Financial Management infographic showing investment, financing and dividend decisions with key factors.

CBSE Important Questions Class 12 Business Studies Chapter 9 Structure 2026-27

Section Question Type Marks and Word Limit
Section A Objective Type: MCQs, fill in the blanks, assertion-reason and case-based MCQs 20 marks, 1 mark each
Section B Very Short Answer 12 marks, 2 marks each, 30-50 words
Section C Short Answer 15 marks, 3 marks each, 50-80 words
Section D Long Answer I 12 marks, 4 marks each, 80-120 words
Section E & F Long Answer II and Case-Study Based 21 marks, 5 or 6 marks each, up to 150+ words

Section A: Objective Type Questions from CBSE Important Questions Class 12 Business Studies Chapter 9

Section A carries 20 marks through 1-mark questions. Financial Management MCQs usually test objectives, decisions, capital structure, fixed capital, working capital and financial planning terms.

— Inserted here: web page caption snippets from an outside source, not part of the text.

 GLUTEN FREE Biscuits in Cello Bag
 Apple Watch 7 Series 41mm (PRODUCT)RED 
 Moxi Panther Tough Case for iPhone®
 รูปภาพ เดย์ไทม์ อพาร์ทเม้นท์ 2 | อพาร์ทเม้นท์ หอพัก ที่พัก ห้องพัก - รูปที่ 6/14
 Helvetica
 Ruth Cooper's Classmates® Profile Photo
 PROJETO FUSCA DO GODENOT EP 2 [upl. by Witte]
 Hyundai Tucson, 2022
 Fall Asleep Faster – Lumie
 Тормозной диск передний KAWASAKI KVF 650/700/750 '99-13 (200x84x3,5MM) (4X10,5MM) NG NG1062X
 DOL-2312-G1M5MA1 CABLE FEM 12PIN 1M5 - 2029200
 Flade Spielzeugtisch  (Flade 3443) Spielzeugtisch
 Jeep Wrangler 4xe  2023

Q1. Money required for carrying out business activities is called:

  1. Business finance
    b. Dividend
    c. Capital market
    d. Inventory

Answer: a. Business finance

Business finance is required to start, run, modernise, expand and diversify a business.

Q2. Financial management is concerned with:

  1. Recruitment and selection
    b. Optimal procurement and use of finance
    c. Only advertising decisions
    d. Only employee training

Answer: b. Optimal procurement and use of finance

Financial management compares sources of funds and deploys them effectively.

Q3. The primary objective of financial management is:

  1. Sales maximisation
    b. Wealth maximisation
    c. Production maximisation
    d. Employee maximisation

Answer: b. Wealth maximisation

The objective is to maximise the market value of equity shares.

Q4. Which decision relates to investment in fixed assets?

  1. Dividend decision
    b. Financing decision
    c. Capital budgeting decision
    d. Pricing decision

Answer: c. Capital budgeting decision

Capital budgeting decisions are long-term investment decisions.

Q5. Which decision is concerned with the proportion of funds from debt and equity?

  1. Financing decision
    b. Marketing decision
    c. Staffing decision
    d. Controlling decision

Answer: a. Financing decision

Financing decision decides how much finance to raise from which source.

Q6. The decision about distribution of profit to shareholders is called:

  1. Investment decision
    b. Dividend decision
    c. Capital budgeting decision
    d. Working capital decision

Answer: b. Dividend decision

Dividend decision decides how much profit is distributed and retained.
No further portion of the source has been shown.